In a case where the proceedings under section 179 of the Income Tax Act have been instituted against the Directors in respect of tax liability of the Private Limited Company and the Company opts for the DTVsV Scheme, whether the immunity extended by the provisions of Section 6 of DTVsV apply to the parallel proceedings undertaken u/s.179??

Answer Since proceedings are initiated against the Directors in respect of the tax arrears payable by the Private Limited Company. If the Company opts under the VSVA, the immunity in our opinion should extend to the directors as well. The issue is taken up before Board and Board may clarify the issue in ther next  Circular on… (read more)
Query

We have won the search case u/s 132 at ITAT forum,now IT deptt preferred appeal in Delhi High court
In above matter Addition made on Substantive basis in Company A disputed tax demand exceeding 5 crore say 7 crore ,hence not eligible for Scheme

Whereas in above AO made addition in B & C each 3.5 crore on Protective basis

Can we go in scheme on protective basis ,ignoring the substantive basis ?

Answer It is recommended not to go for VSV. However, even if opted for VSV the same will not be eligible for set off against addition made on substantive basis in Company A.  (read more)
Query

Appeal before CIT(Appeals) is pending regarding deduction under section 54F as on 31-01-2020 . Even though one hearing took place before 31-01-2020, neither order nor enhancement notice was issued. In the meanwhile notice under section 263 was issued on the ground that the assessing officer failed to apply section 50C in the month of August 2019. The assessee replied that as per the decision of the jurisdictional high court decision in the case of Renuka Phillip, section 263 cannot be invoked during the pendency of Appeal and the assessee is willing to avail the VVS scheme if the proceedings under section 263 are dropped. However order has been passed under section 263 setting aside the assessment with a direction to the assessing officer to apply section 50C on 21-03-2020 in spite of the willingness of the assessee to avail VVS. Now that the assessment is set aside, whether the appeal would become infructuous and the assessee will not be able to avail VVS. Can he avail VVS in respect of the dispute with reference to section 54F only and dispute the application of section 50C by requiring the assessing officer to make a reference to valuation officer. Or can he file appeal to the Honourable Chennai ITAT against 263 order. Is the PCIT correct in setting aside the assessment when appeal is pending before CIT(Appeals) and it is possible that that the assessment order may be annulled for technical reasons like non issue of notice under section 143(2) and enhancement notice was not issued before 31-01-2020 even though the case was already heard by the CIT(Appeals ) in February 2019 itself.

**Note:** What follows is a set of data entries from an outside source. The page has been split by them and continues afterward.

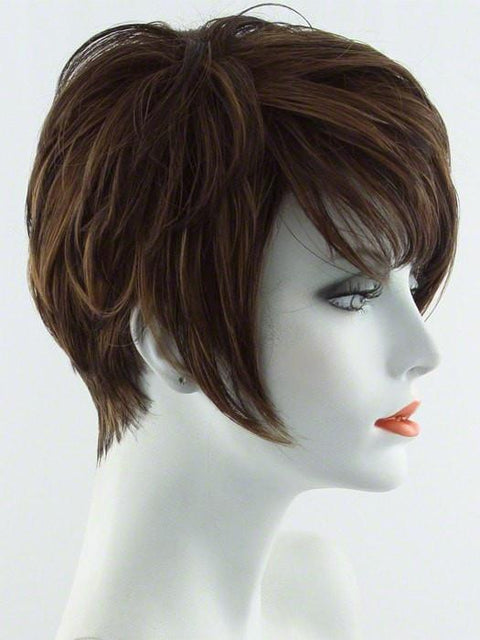 Moore | Synthetic Wig (Basic Cap)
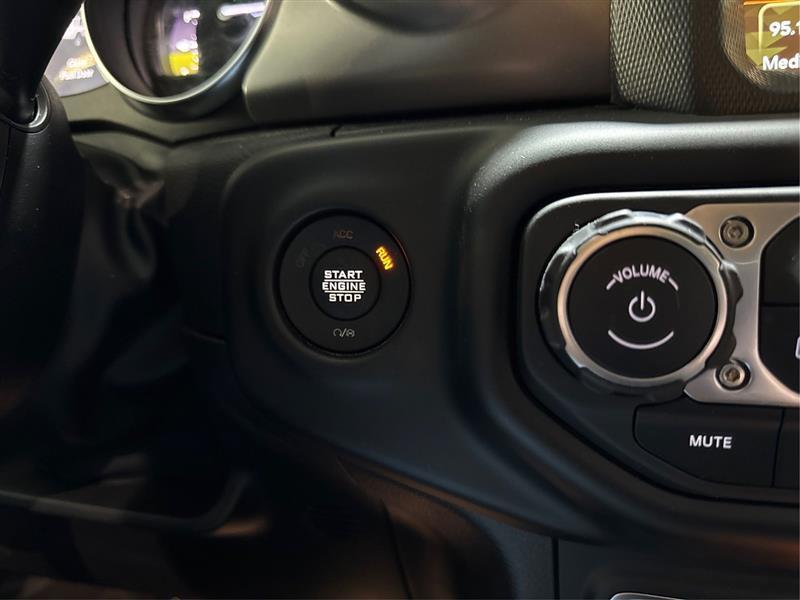 Jeep Wrangler 4xe Unlimited Rubicon 2023
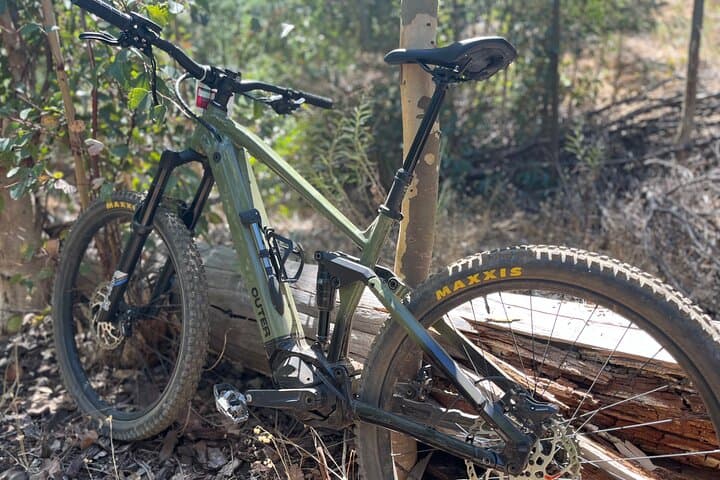 Guided E‑Bike Tours in the Boland District — Stellenbosch Mountain Bike Rides photo 1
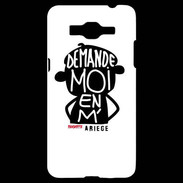 Coque Samsung Grand Prime 4G Adishatz Humour Ariège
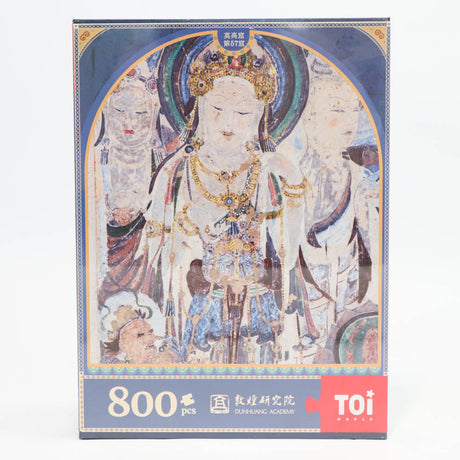 Toi Adult Puzzle 800Ps Cave-1954803080503627776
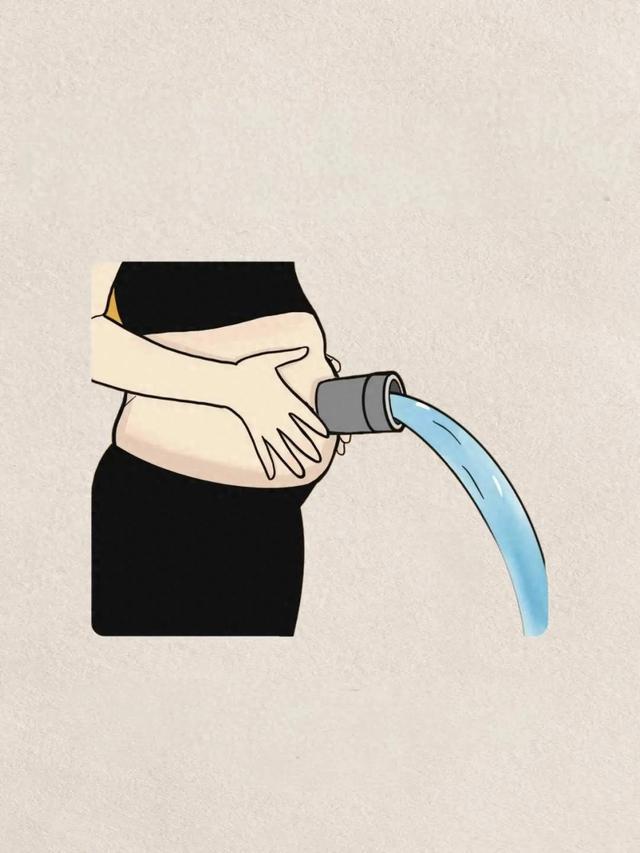 体重死活下不去？教你一招“排水提速法”，一个月见真章！
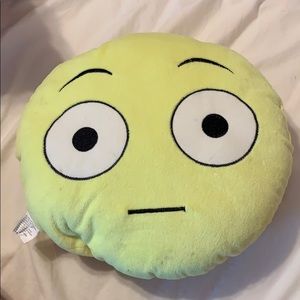 Emoji small pillow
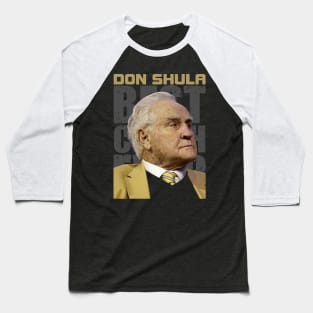 DON SHULA Baseball T-Shirt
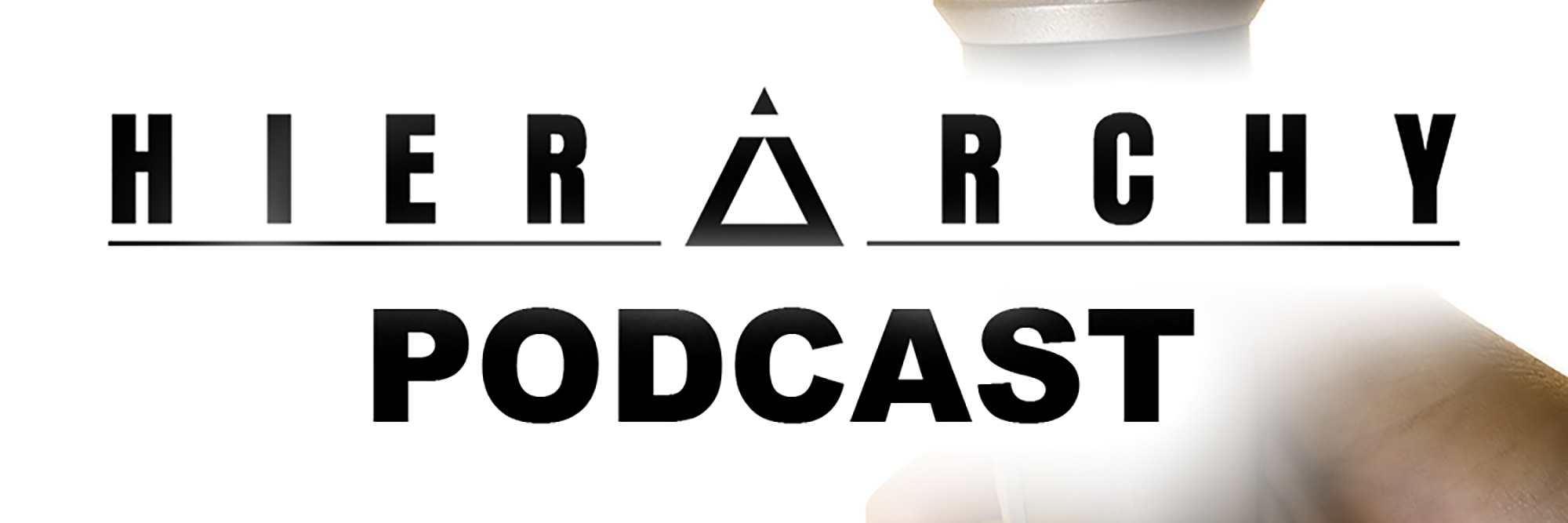 Logo for The Hierarchy Podcast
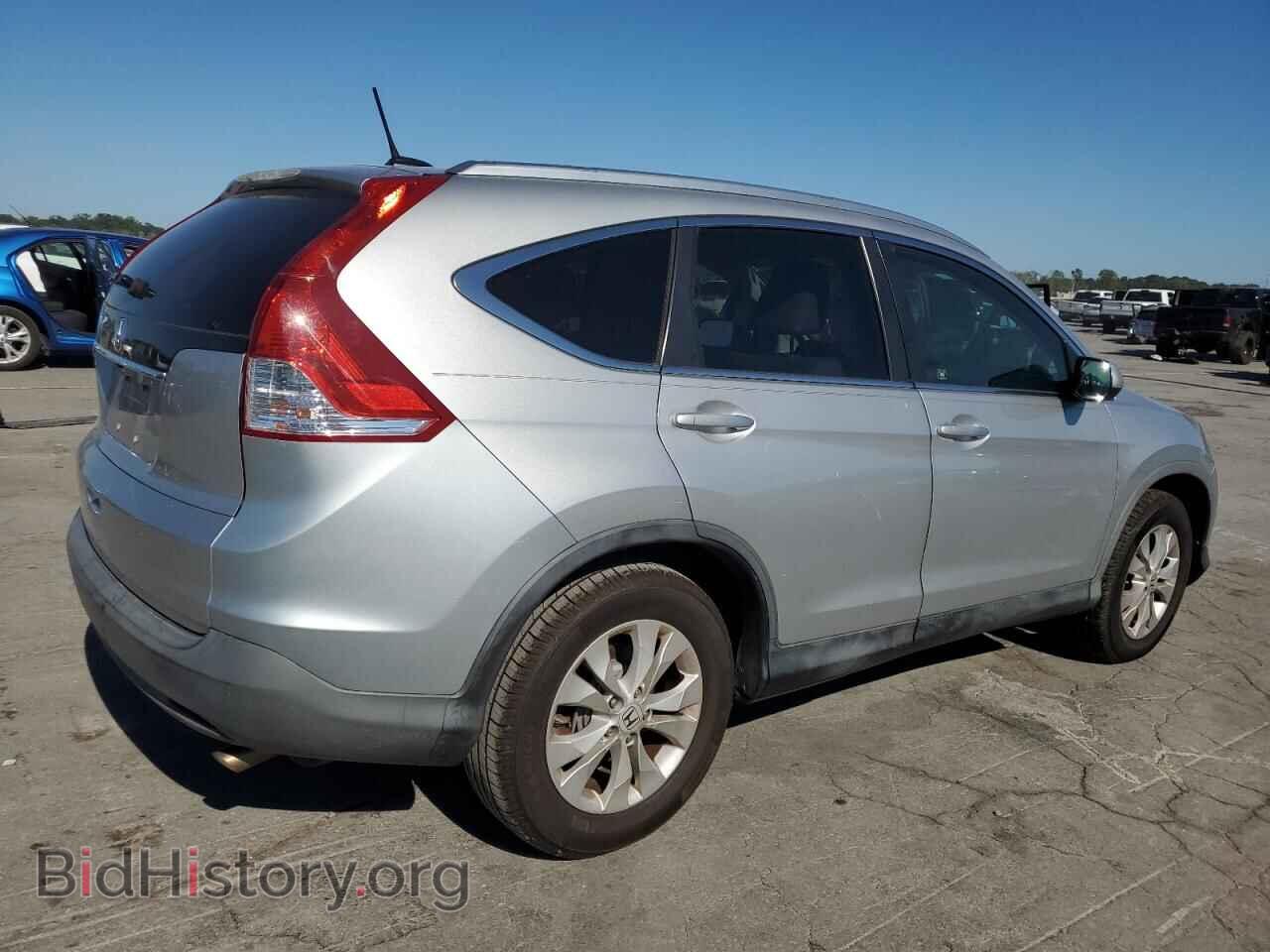 2012 HONDA CRV - VIN: JHLRM3H78CC010571 - Фото 3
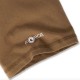 Force Midweight Pocket T-Shirt - Carhartt Brown Force Midweight Pocket T-Shirt - Carhartt Brown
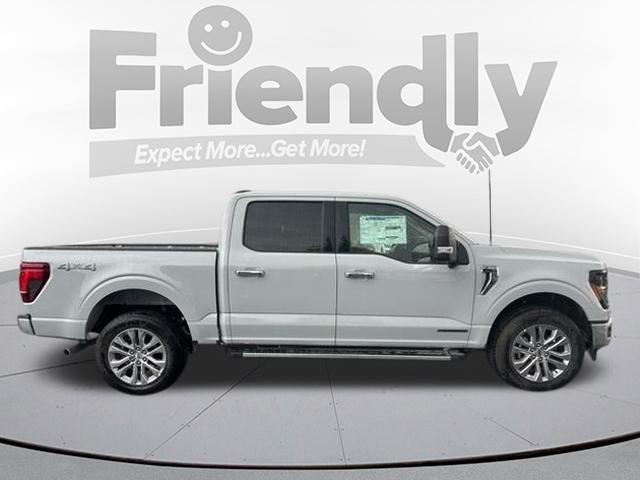 used 2024 Ford F-150 car, priced at $57,895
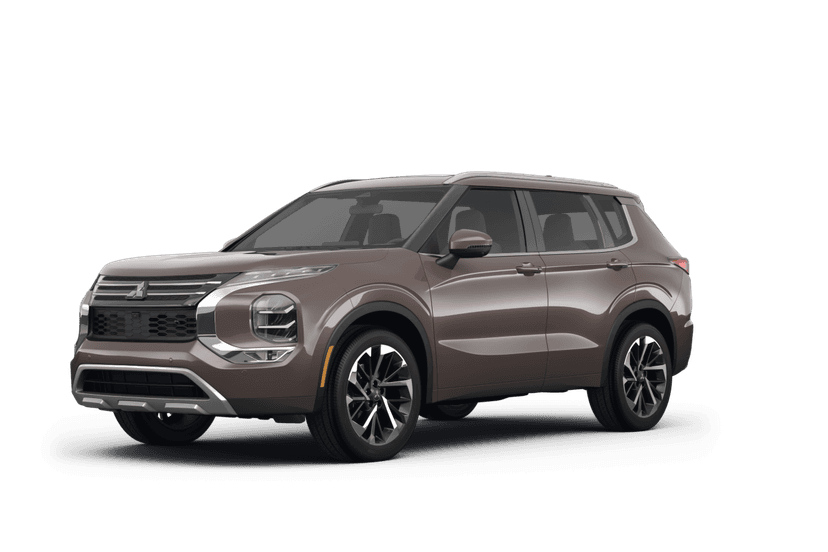 2025 Mitsubishi Outlander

Answer It is desirable to file an appeal before the Tribunal against the order of revision. One can also request for an early hearing  before the Tribunal   . Considering the facts of the case the assessee may get the relief from the ITAT. Appeal regarding the issue of deduction under section 54F of the Income tax Act, 1961… (read more)
Query

The addition was made u/s.68 in the case of a Company. The assessee-company has b/f. MAT Credit of which part adjustment is made during the subject year in the Return filed and balance c/f. to subsequent year. Post addition u/s.68 made by AO, the Company is entitled to MAT Credit based on assessed tax under normal rate of tax being higher than as per ROI when Book Profit u/s.115JB remained the same. While raising demand, credit for MAT was given as claimed in ROI. The assessee-company filed appeal before 31-1-2020 which is pending on that day disputing addition u/s.68. MAT credit not allowed properly is not disputed in GOA but rectification application application is filed u/s. 154.
Whether excess MAT credit that should have been granted be considered while arriving at disputed tax liability under VSV Scheme Act?

Answer The assessee should  request the AO to pass the rectification order for granting MAT  Credit. Once the rectification order is passed the assessee will get the credit for excess MAT Credit . It is desirable to the assessee to raise an additional ground before the CIT(A) as regards not granting of excess MAT credit . CIT (A)… (read more)
Query

Sir, although my query is not related to VSVS, but i take this opportunity to raise a very relevant question to the expert panel. Sir my question is under section 11 of IT Act. Wheher time for making investment of accumulated income (which has expired on 31.03.2020) is also entended to 30.06.2020. Investment could not be made disto Karoon lock down.
Thanx and regards.
Suneel Trivedi

Answer Lex not cogit impossibila (law does not compel a man to do that which he cannot possibly perform) and impossibilum nulla oblignto est (law does not expect a party to do the impossible) are well known maxims in law and would squarely apply to the present case. In  ACIT v. Kamlakar Moghe (2015) 378 ITR 561 / 125 DTR… (read more)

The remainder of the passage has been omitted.